Will this strategy work?
UPDATE: Noem’s campaign manager Tom Erickson says the Noem campaign won’t be changing its ad strategy in the final days. He said they’re running two ads down the home stretch: the positive testimonial ad, and the negative (my words) ad criticizing Varilek.
Erickson dismissed Varilek’s pledge offer and his switch to positive ads.
“South Dakota voters must be rejecting his campaign if he’s electing to pull a stunt like this,” Erickson said. “Suddenly on the Friday before the election he decides he wants to take down all negative ads? This is nothing but a last-minute stunt.”
(Refreshingly, Varilek also admitted that his campaign HAS run negative ads when I pressed him about his criticism of Noem’s claim that she isn’t running any.
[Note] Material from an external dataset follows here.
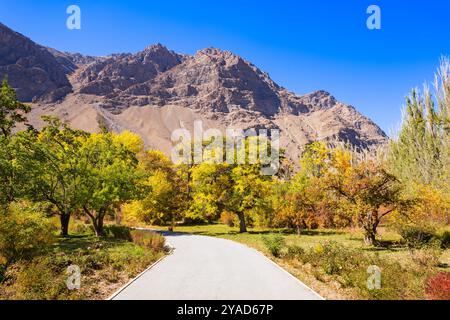 Botanical garden in Khorog city. Khorog is situated along the Pamir Highway in Gorno-Badakhshan, Tajikistan. Stock Photo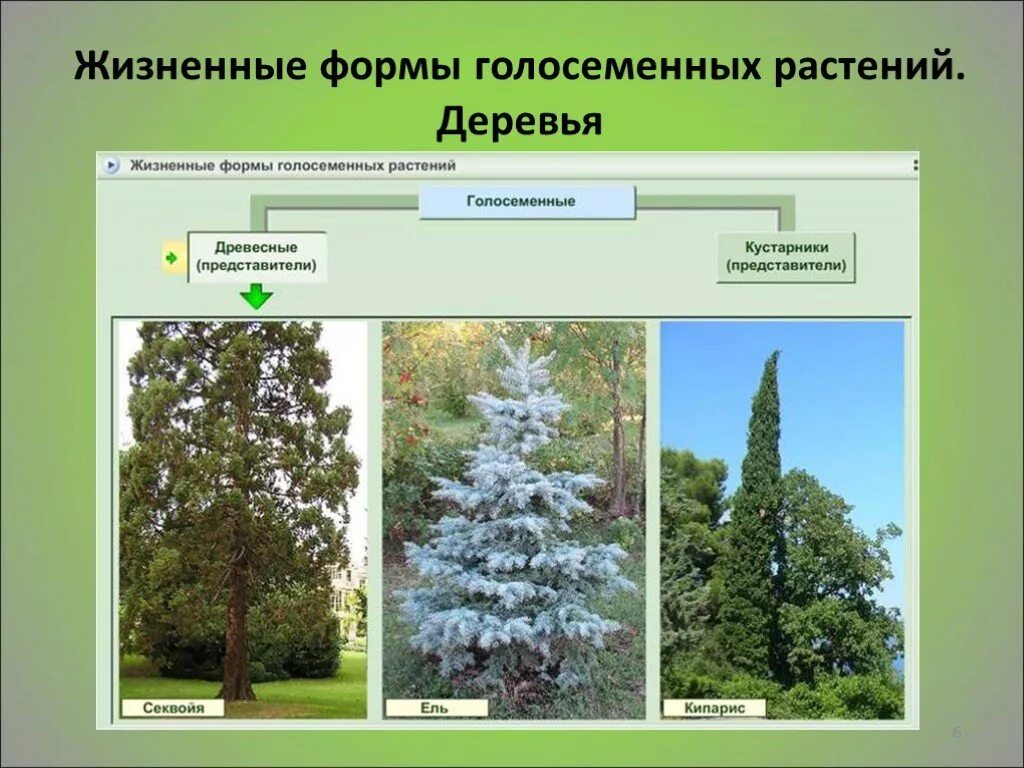 Жизненные формы голосеменных растений примеры В чем преимущество голосеменных растений перед споровыми Вопросы и ответы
Both campaigns this election have run negative ads, though they usually make semantic quibbles to avoid admitting it.)
I’ll also note that if this is truly Varilek’s final ad, that makes it official that he’s gone the entire campaign without featuring any ordinary voters in his ads, which is a curious (but probably cost-saving) strategic choice.
Here’s the transcript of Varilek’s final ad, which echoes his closing statement at last night’s debate:
Matt Varilek: I’m Matt Varilek, and I’ve had a lot of people ask me why I’m working so hard to voluntarily join that mess in Congress. It’s a funny question with a serious answer.
I’m running for Congress because I believe that we can still do better. I believe we can tackle our challenges, but only if we elect new leaders- leaders who show up, work hard every day, and work together to get results for middle-class families.
I’m Matt Varilek, and I approve this message.